Downloading 11785-hw1p2-f23.zip to /content
 99% 3.96G/3.99G [00:21<00:00, 258MB/s]
100% 3.99G/3.99G [00:21<00:00, 201MB/s]


# Dataset

This section covers the dataset/dataloader class for speech data.

In [None]:
# Dataset class to load train and validation data

class AudioDataset(torch.utils.data.Dataset):

    def __init__(self, root, phonemes = PHONEMES, context=0, partition= "train-clean-100"): # Feel free to add more arguments

        self.context    = context
        self.phonemes   = phonemes

        self.mfcc_dir       = os.path.join(root, partition,"mfcc")

        self.transcript_dir = os.path.join(root, partition, "transcript")

        mfcc_names          = os.listdir(self.mfcc_dir)

        transcript_names    = os.listdir(self.transcript_dir)

        # Making sure that we have the same no. of mfcc and transcripts
        assert len(mfcc_names) == len(transcript_names)

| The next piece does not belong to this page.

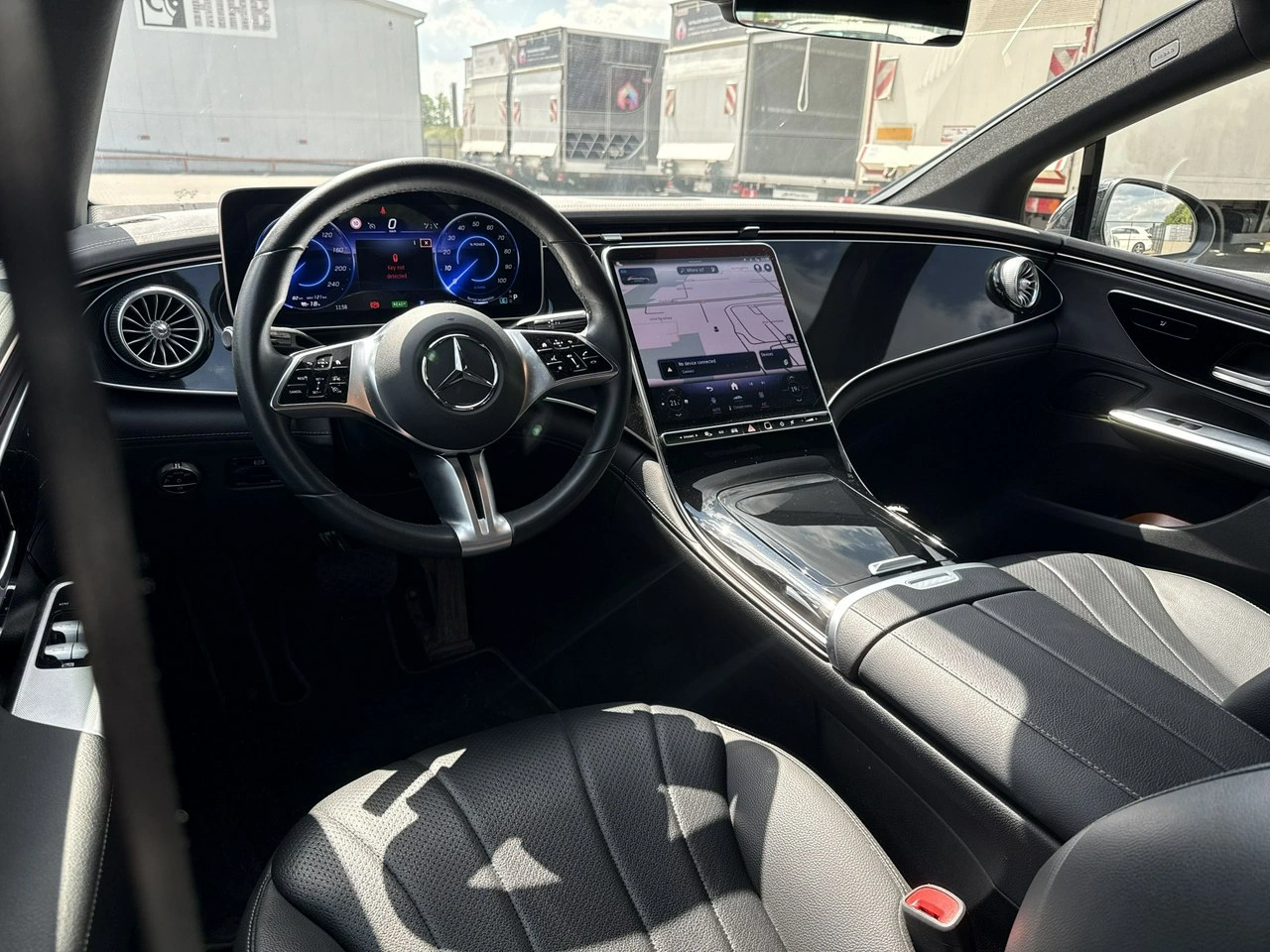Mercedes EQE - Zdjęcie 12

        # if len(mfcc_names) > 20000:
        #   mfcc_names = mfcc_names[:15000]
        #   transcript_names = transcript_names[:15000]
        # the above code is to limit the training data for a faster run while testing code

        self.mfccs, self.transcripts = [], []

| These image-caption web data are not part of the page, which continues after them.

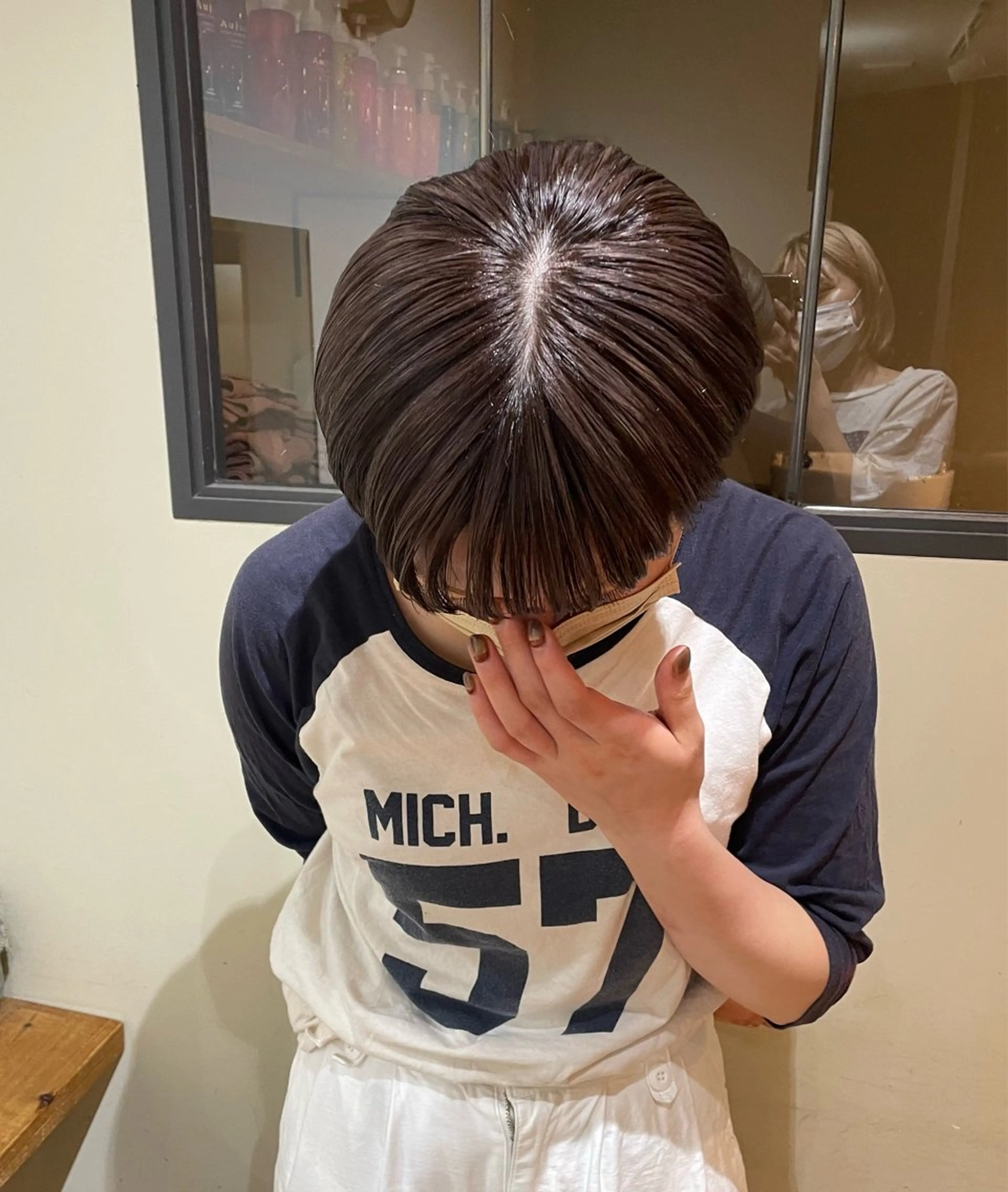 ショート カット ヘアカラー あやか/ベージュ /透け感カラーのヘアスタイル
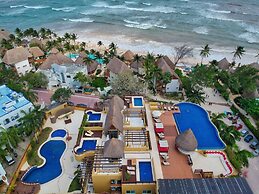 Pueblito Escondido Beachside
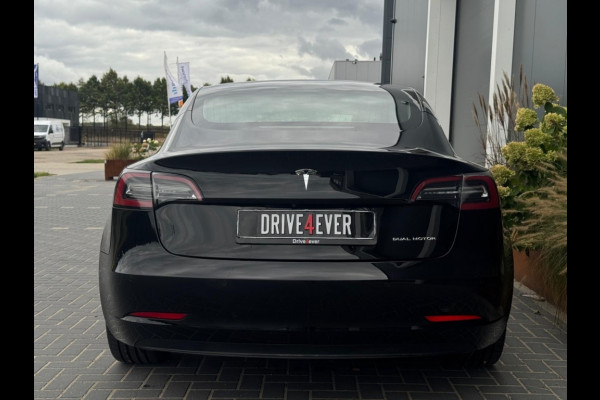 Tesla Model 3 Long Range DUAL MOTOR AWD 75kWh PANO NAVI CAMERA LED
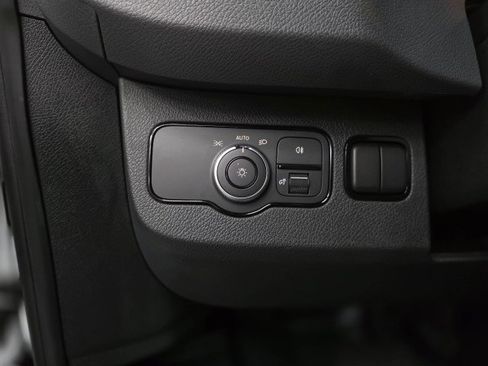 Used 2024 Mercedes-Benz Sprinter 4500 image 25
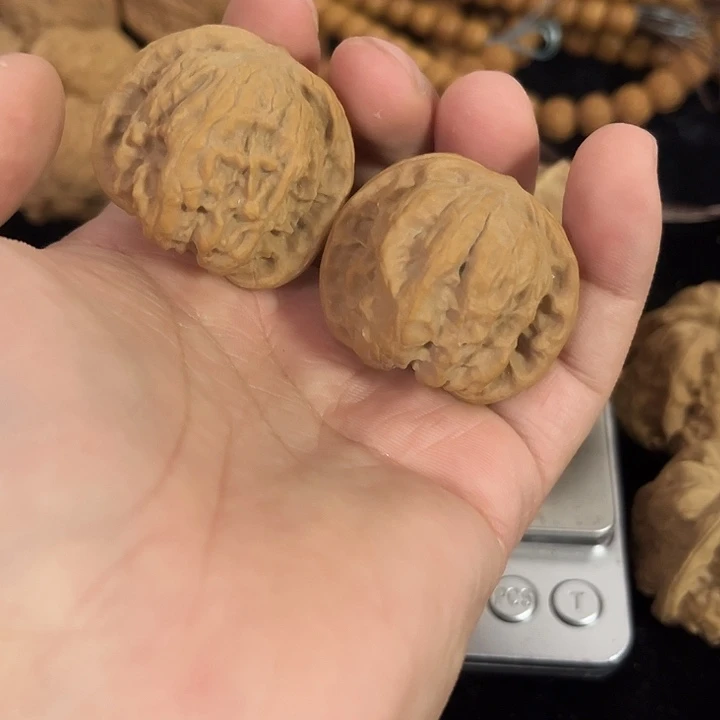 文玩核桃把件38左右微微瑕野狼，编号0043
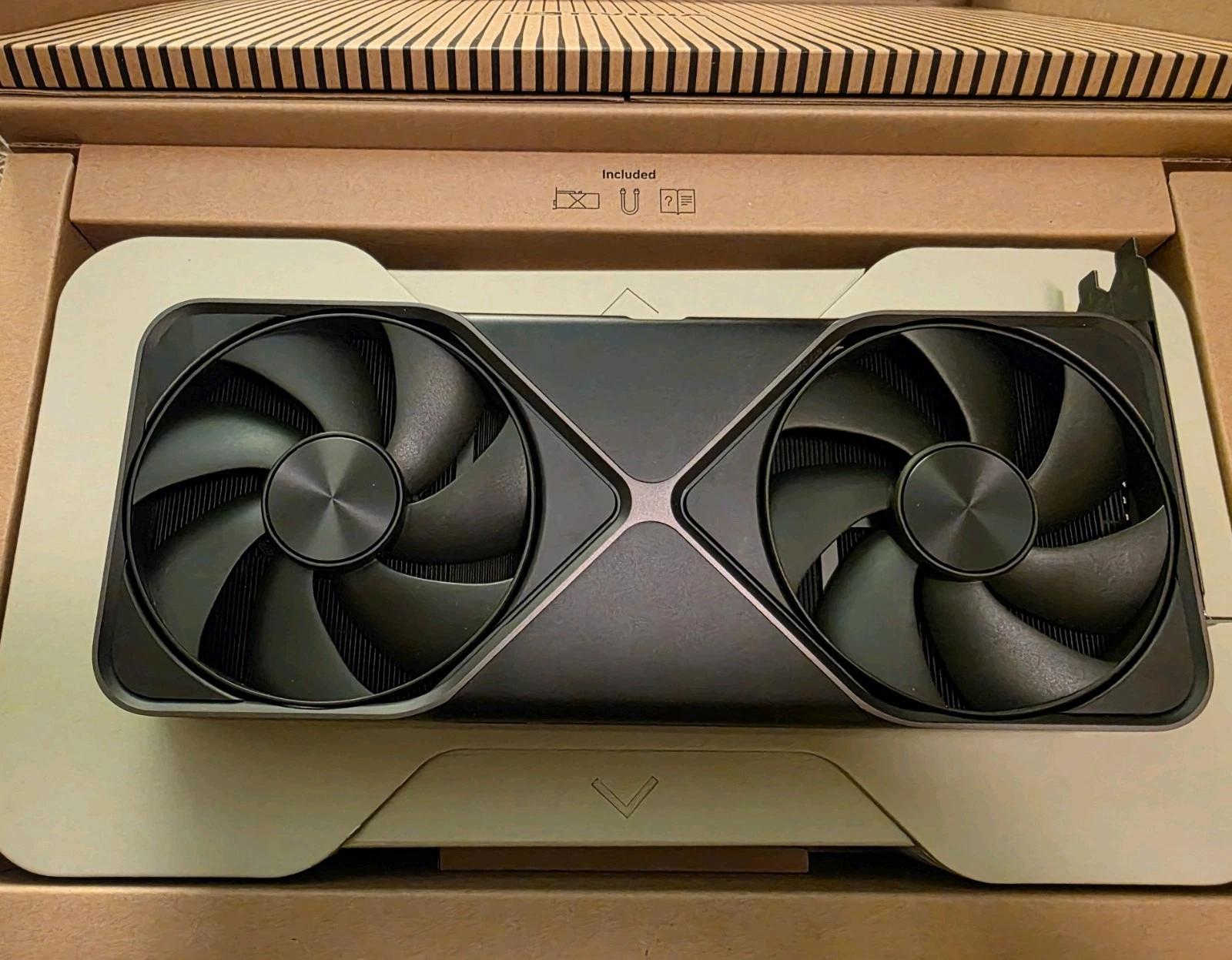 RTX 5090 Founders Edition 32GB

        # TODO: Iterate through mfccs and transcripts
        for i in range(len(mfcc_names)):
        #   Load a single mfcc
            mfcc = np.load(os.path.join(self.mfcc_dir, mfcc_names[i]), allow_pickle=True)

        #   Do Cepstral Normalization of mfcc (explained in writeup)
            # Cepstral Normalization
            mean = np.mean(mfcc)
            std = np.std(mfcc)
            mfcc = (mfcc - mean) / std
        #   Load the corresponding transcript
            transcript  = np.load(os.path.join(self.transcript_dir, transcript_names[i]))[1:-1]

            # Note that SOS will always be in the starting and EOS at end, as the name suggests.
        #   Append each mfcc to self.mfcc, transcript to self.transcript
            self.mfccs.append(mfcc)
            self.transcripts.append(transcript)

        # NOTE:
        # Each mfcc is of shape T1 x 28, T2 x 28, ...
        # Each transcript is of shape (T1+2), (T2+2),... before removing [SOS] and [EOS]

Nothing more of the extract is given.